Additionally, in order to ensure that the Gay Games sport program is financially viable, hosts
should carefully conceive their participation fee table, especially for registrants entering multiple
sports. Previous hosts have found that participants who registered in multiple sports represented a
significant financial loss due to the lack of an appropriate fee structure for multiple sport applicants.
Therefore, the Federation will encourage future hosts to consider implementation of a multi-priced
participant fee structure, specific per sport – that is, a higher participation fee may be applied to
sports that are more costly to produce


One of the key reasons a cultural component was initially included in the Gay Games was
administrative. U.S. law did not permit 501(c)(3) nonprofit status for sports-only organizations at
the time San Francisco Arts and Athletics applied for the designation with the U.S. Internal
Revenue Service. Consequently, the cultural component was necessary to qualify as a 501(c)(3)
corporation. Although U.S. tax legislation was later amended and, today, sports-only organizations
are eligible for U.S. tax-exempt recognition, the cultural events have now undeniably become a
traditional component of the Gay Games. There is also a belief, deservedly so, that artistic and
cultural expressions are manifestations of the diversity of the GLBT community.

Core Cultural Activities are participatory events requiring registration. Examples include choir and
band performances (see more detail below). These activities are addressed by the License
Agreement and in the cultural Red Book. The Core Cultural Activities are open to anyone
regardless of their artistic skills or of their amateur/professional status.

Starting in 1986, in addition to the Core Cultural Activities, each Gay Games host attempted to
create a comprehensive Cultural Festival, including non-participatory special cultural performances
by individuals or artistic groups with wide-ranging degrees of professionalism.
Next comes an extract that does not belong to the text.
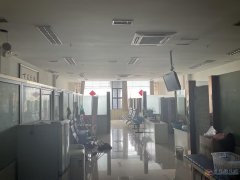 银杏生活广场旁边,位置优越，环境好。对外出租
Unfortunately, the Cultural Festivals have developed into a series of events that each host city has
increased in size and scope without sufficient consideration of budget impact or volunteer
resources. Consequently, Gay Games III, Gay Games IV, Gay Games V and Gay Games VI have
all faced budget deficits to which the Cultural Festivals have significantly contributed.

Reasons are varied for failures of Gay Games Cultural Festivals, including:

Past lack of definition between the Core Cultural Activities and ancillary cultural events.

Significant expenditures (money, host staff, volunteer, advertising and marketing resources)
not balanced by the final income generated by the events, resulting in a financial shortfall.

Ambitious programming and budgeting, together with ticket sales that have not kept pace
with such ambitious programming.

Lack of focus on Core Cultural Activities.

Significant time, expertise and resources needed to produce an ambitious, large Cultural
Festival, with little to show in the way of results.

Incomplete financial records in connection with organizational planning of a large Cultural

Downturn in the international economy.

Lack of a sponsorship program to offset costs of ancillary cultural events.

Varying commitment by LGBT cultural organizations themselves.

Repeated cultural component management turnover at Gay Games IV, V and VI.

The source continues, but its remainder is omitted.